As he would make his way up to his apartment, Garrett would pass the shipping boxes and cartons sitting outside his neighbors’ doors, and they gave him an unexpected glimpse into their lives, showed how people were relating to material things at the time. That has inspired his latest body of work.
“I think about joy and its relationship to objects and the material things we interact with and pay attention to and bring with us every day,” he said. “I’m really interested in our relationships to objects and material things.”
Garrett is Teton Artlab’s October artist-in-residence. He’s a materials artist whose work ranges from jewelry to installations to sculptures. Most recently he has been working with industrial aluminum and gypsum panels. He recently arrived in Jackson and will spend most of the rest of October creating new art as part of the residency.
Garrett grew up in Southern California, and his art education began while he was working with his uncle, a goldsmith. From him Garrett learned the art of metalsmithing and how to make jewelry. He attended school San Diego State University, drawn to its jewelry and metals program. He continued his training at Konstfack University College of Arts, Crafts and Design in Stockholm, where he earned his master’s degree. While his studies introduced him to other media, he kept returning to materials.
His work is based on the idea of adornment and uses objects as a way to think about body, production, labor, value and memory.
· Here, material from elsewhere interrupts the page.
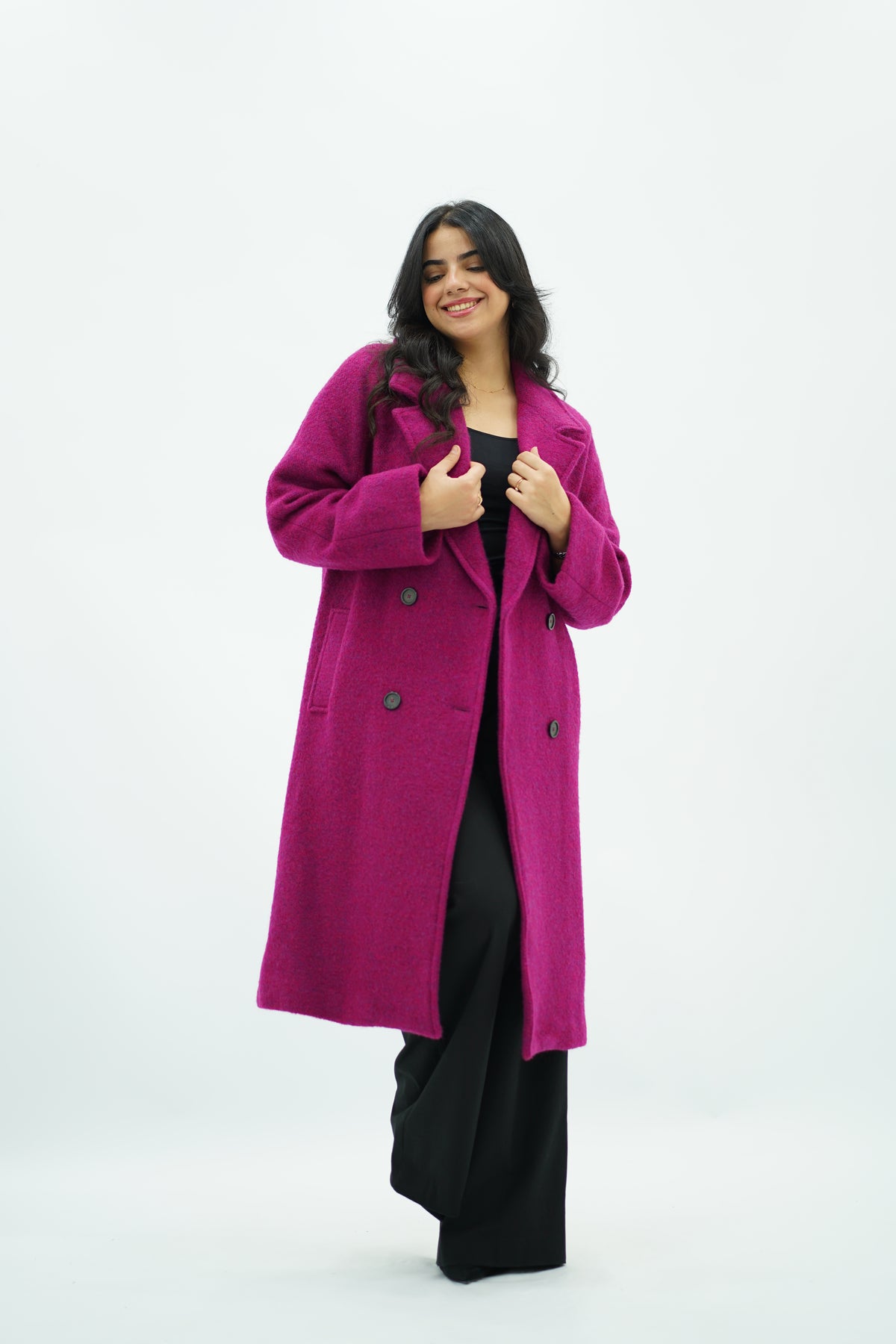 Manteau en Laine Bouclée Fushia Vif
“It comes back to jewelry,” he said. “We habitually adorn ourselves with these objects or jewelry specifically. They make us feel good. They have talismanic properties. They are symbols of love and power. The emotional touchstones that we can view in objects is really powerful. Then, branching out from jewelry, we keep things around [because] they have meanings, memories and this power to them that I’m really fascinated with.”
Garrett’s work is informed by his different fabricating roles within the art and design industries. He often carves or deconstructs molds. By altering the process, he reimagines which item is the mold and which is the object, what is discarded versus what is valued.
“The final work materializes these negotiations and relationships between high and low materials, the body and the object, production and process, and making and exchanging,” he said.
Garrett’s work is also inspired by place. When he is somewhere new he walks around and notices details from his surroundings. He recently spent time in Maine, which led him creating plaster panels in muted pastels that referenced the diluted colors of the sea.
“From form, texture, color — where I am absolutely influences the work,” he said.
While in town Garrett plans to work primarily with metals to create sculptures and jewelry, but how they will take form will be part of his exploration of a new setting.
Garrett plans to have a public event such as a Zoom lecture but hasn’t set a date.